Hi! I'm a newby to this forum and to Vizslas in general. I adopted Hannah from a Vizsla rescue group 4 months ago - she's 3 1/2 years old and SO adorable :-*. I lost my beloved chocolate lab mix, Chloe, last Memorial Day. She was going on 13 and we both learned a lot about dog training, so I'm not a newby in that respect. Anyway, I bike Hannah when weather permits and I'm thinking about buying a new training collar or halter to keep her from pulling and to train her to heel properly when walking. I currently use either a pinch collar or a Gentle Leader, but don't really like either one when biking.

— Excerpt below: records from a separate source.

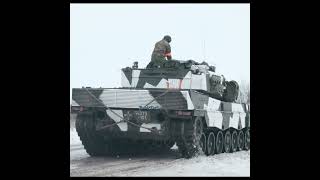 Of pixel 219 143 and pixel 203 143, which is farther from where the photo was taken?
pixel 219 143

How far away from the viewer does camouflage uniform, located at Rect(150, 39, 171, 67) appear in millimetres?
15836

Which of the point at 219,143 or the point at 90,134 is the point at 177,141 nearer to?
the point at 90,134

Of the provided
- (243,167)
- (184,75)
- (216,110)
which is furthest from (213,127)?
(243,167)

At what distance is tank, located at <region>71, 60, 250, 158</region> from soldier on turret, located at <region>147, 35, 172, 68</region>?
238 millimetres

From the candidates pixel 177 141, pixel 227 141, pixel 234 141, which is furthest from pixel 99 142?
pixel 234 141

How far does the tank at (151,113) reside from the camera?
13469 mm

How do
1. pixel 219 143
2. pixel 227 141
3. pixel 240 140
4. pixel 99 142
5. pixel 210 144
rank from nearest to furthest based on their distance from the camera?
pixel 99 142 → pixel 210 144 → pixel 219 143 → pixel 227 141 → pixel 240 140

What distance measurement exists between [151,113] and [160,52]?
281 centimetres

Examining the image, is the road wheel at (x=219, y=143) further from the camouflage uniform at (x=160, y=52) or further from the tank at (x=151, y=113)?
the camouflage uniform at (x=160, y=52)

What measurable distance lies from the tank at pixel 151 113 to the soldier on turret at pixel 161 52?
0.24m

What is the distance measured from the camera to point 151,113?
44.7 feet

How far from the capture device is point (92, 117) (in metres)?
14.0

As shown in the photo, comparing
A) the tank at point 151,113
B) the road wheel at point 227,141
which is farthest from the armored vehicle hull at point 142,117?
the road wheel at point 227,141

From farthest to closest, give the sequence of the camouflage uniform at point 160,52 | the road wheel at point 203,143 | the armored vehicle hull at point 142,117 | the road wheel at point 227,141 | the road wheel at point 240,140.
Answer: the road wheel at point 240,140 < the road wheel at point 227,141 < the camouflage uniform at point 160,52 < the road wheel at point 203,143 < the armored vehicle hull at point 142,117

Has anyone tried both the Easy Walk harness and the Illusion collar and can comment?


----------



## Crazy Kian (Aug 10, 2009)

Thought this might interest you.
It's not really an answer to your question but it might help you in your decision.

Good luck.

http://www.vizslaforums.com/index.php/topic,554.0.html


----------



## chablis (Mar 12, 2010)

Hi I am t new to the forum but I have tried the illusion collar
on Poppy V
and its not for us .. The Halti works to an extent but she can still pull a bit ..she is very head s tong I am looking at the K9 bridle from 
k9bridle.com
at the moment does anyone have any comments on this product 
... 
Further to my last comment ..I purchased the k9 bridle ..and to anyone having problems with pulling this is highly recommended .. its like a dream no pulling you are in total control.. there is total comfort for both vizsla and walker .. its soft no hard edges ..leaves no marks and looks good .. to anyone with pulling issues get a k9 bridle from k9bridles.com..


----------



## vizslandobes (Feb 9, 2010)

I have no experience biking V's. but I use a prong/pinch on my dobe. There are contraption you can add to your bike to reduce/absorb pulling from your dog. My dobe is very respectful of the pinch and doesn't even think about making the leash taut when it's on, so it works for us...doesn't mean it will work for you and your pup though! The best bet is trial and error with something like this in my opinion.


----------